───── EXTRACTED MATERIAL

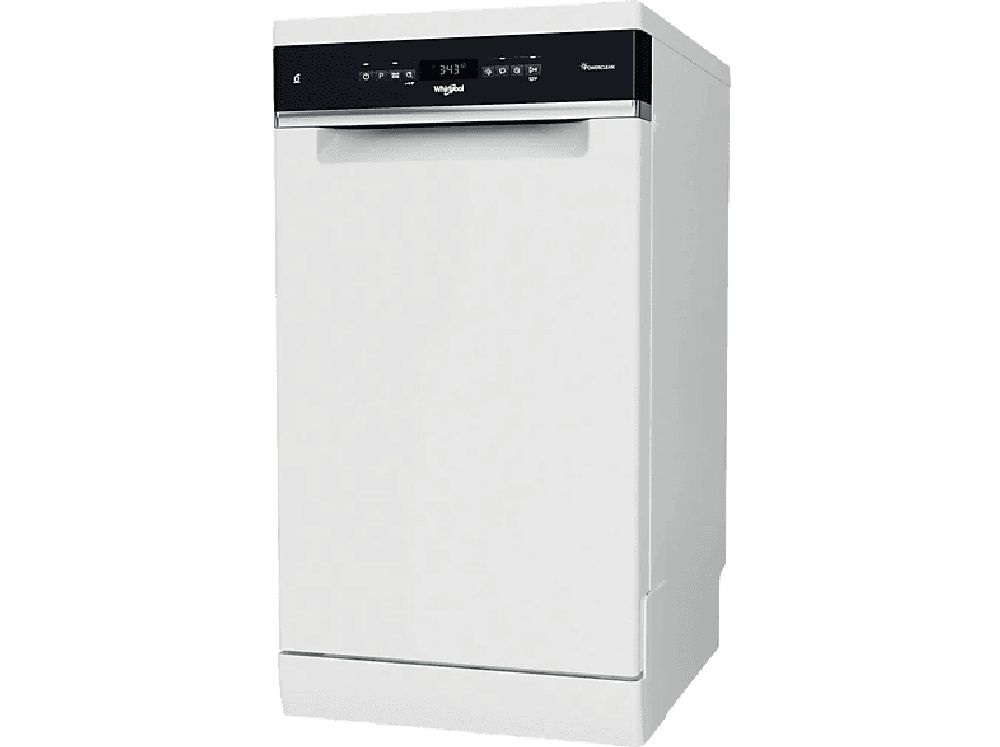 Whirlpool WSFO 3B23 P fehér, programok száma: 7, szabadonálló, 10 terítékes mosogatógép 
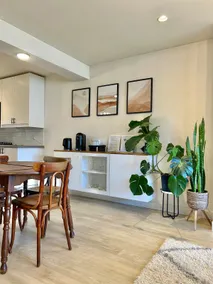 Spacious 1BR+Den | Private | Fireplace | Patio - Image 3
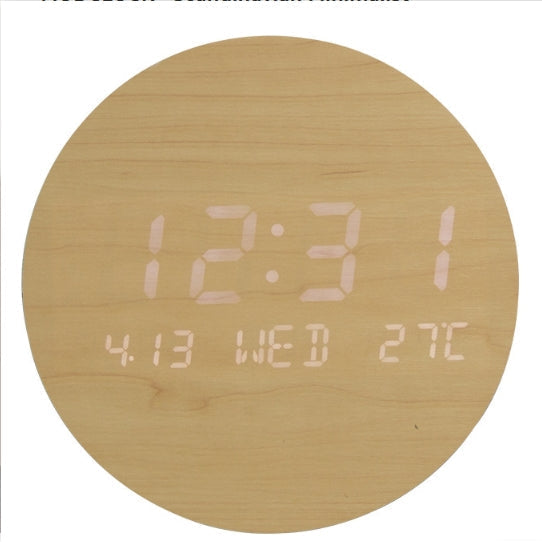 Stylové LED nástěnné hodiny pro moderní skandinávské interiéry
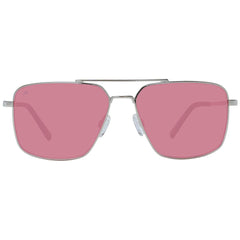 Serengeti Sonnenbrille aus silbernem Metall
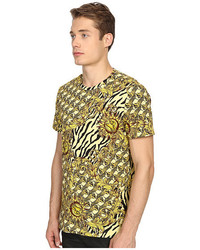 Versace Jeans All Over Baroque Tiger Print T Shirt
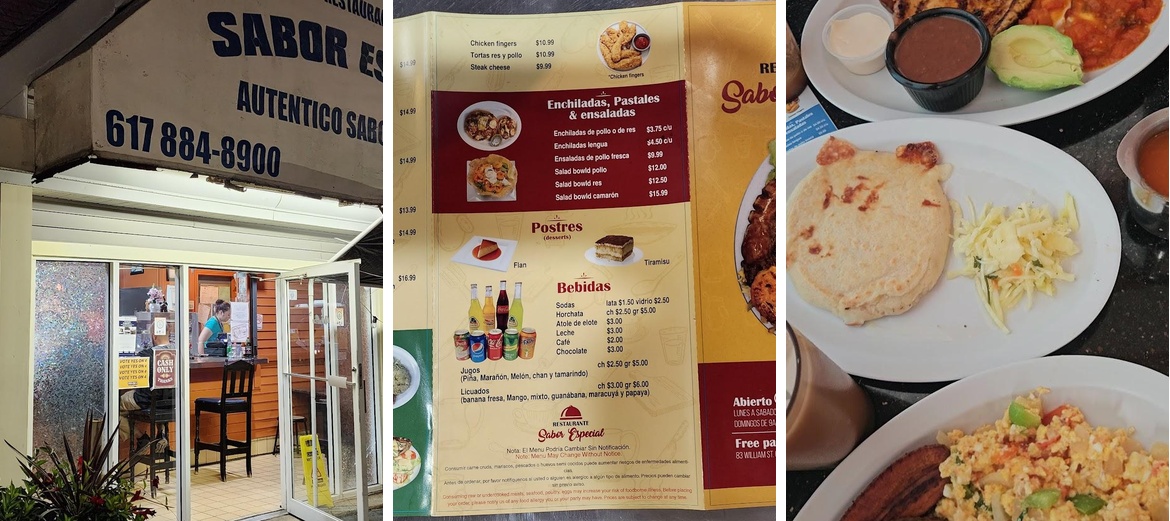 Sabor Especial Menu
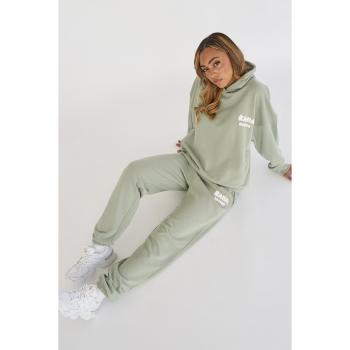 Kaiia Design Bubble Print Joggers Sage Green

──────────

PROBLEM TO WORK ON: Give back the records exactly, minus any pictures.

SOLUTION FOR THIS EXERCISE:
 Whirlpool WSFO 3B23 P fehér, programok száma: 7, szabadonálló, 10 terítékes mosogatógép 
 Spacious 1BR+Den | Private | Fireplace | Patio - Image 3
 Stylové LED nástěnné hodiny pro moderní skandinávské interiéry
 Serengeti Sonnenbrille aus silbernem Metall
 Versace Jeans All Over Baroque Tiger Print T Shirt
 Sabor Especial Menu
 Kaiia Design Bubble Print Joggers Sage Green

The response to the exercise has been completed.